→ EXERCISE BRIEF: Type out every line below exactly as it reads.

Start of PROVIDED DATA

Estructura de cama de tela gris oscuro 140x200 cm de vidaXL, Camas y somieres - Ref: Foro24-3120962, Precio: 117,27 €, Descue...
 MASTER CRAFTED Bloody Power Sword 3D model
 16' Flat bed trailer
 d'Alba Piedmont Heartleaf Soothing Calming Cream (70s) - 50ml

End of PROVIDED DATA

→ RESPONSE TO THE EXERCISE:
Estructura de cama de tela gris oscuro 140x200 cm de vidaXL, Camas y somieres - Ref: Foro24-3120962, Precio: 117,27 €, Descue...
 MASTER CRAFTED Bloody Power Sword 3D model
 16' Flat bed trailer
 d'Alba Piedmont Heartleaf Soothing Calming Cream (70s) - 50ml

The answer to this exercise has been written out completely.